Background Barcode-assisted medication administration (BCMA) is an evidence based practice to reduce medication administration errors; however, compliance rates with the use of this technology sometimes vary between different healthcare workers. Improving BCMA compliance benefits healthcare organizations in their efforts towards Zero Harm.
Objectives Achieve less than 2% BCMA overrides at a pediatric hospital, within a 12 months’ timeframe.

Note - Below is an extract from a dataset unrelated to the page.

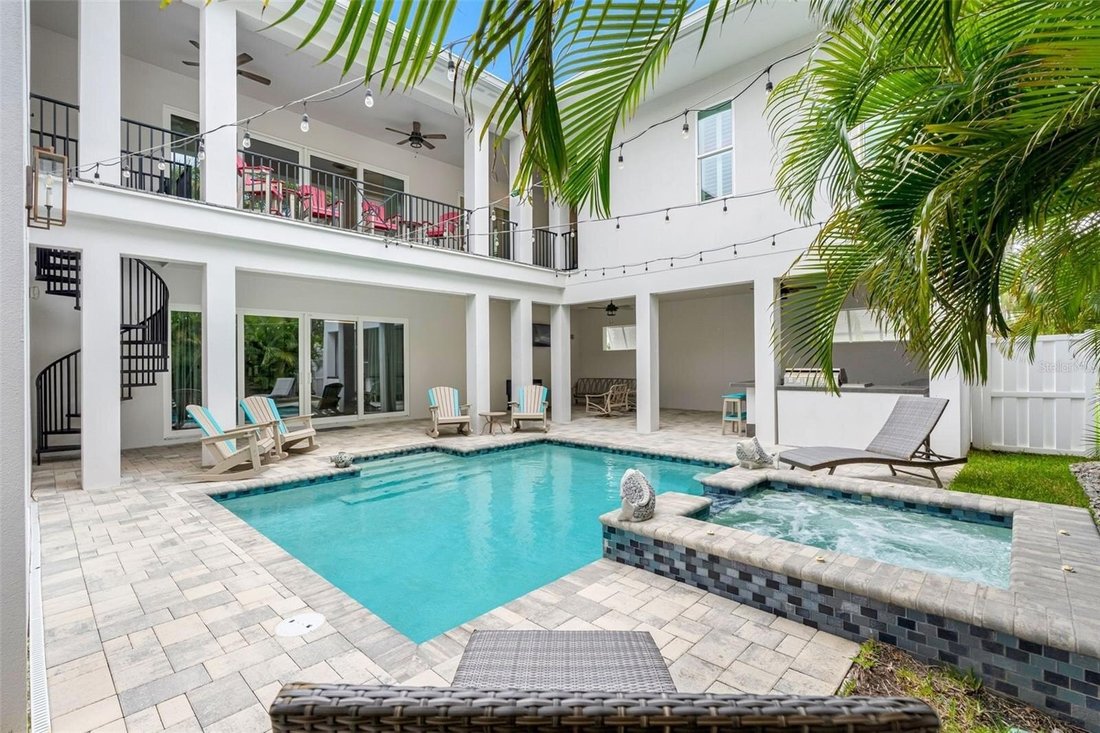 House in Madeira Beach, Florida, United States 2 - 17475327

Methods To improve BCMA adherence across all disciplines, the IHI’s QI Essentials Toolkit was used to guide an interprofessional team of nurses, physicians, pharmacists, respiratory therapists, imaging techs and quality professionals. The team came together to conduct a Failure Mode and Effects Analysis (FMEA) and identify units with overrides rates above 2% to build a task force (figure 3). A nurse manager was identified as the task force leader and every unit was represented by a leader and a worker at the point of care. The task force prioritized addressing knowledge, attitudes and behaviors towards BCMA and applied change concepts to engage the workforce in using the technology. This priority was backed up by availability of weekly data that allowed drilling down to individual measurement of medications administered and BCMA use. Continuous improvement was tracked through run charts that displayed organizational and unit-level results starting with pre-interventions baseline data.
Conclusions When introducing an interprofessional team to proactive risk assessment and continuous improvement, the IHI’s QI Essentials Toolkit proved effective in providing the team with tools to prioritize efforts, test change, achieve results and sustain improvement over time, all while supporting organizational learning.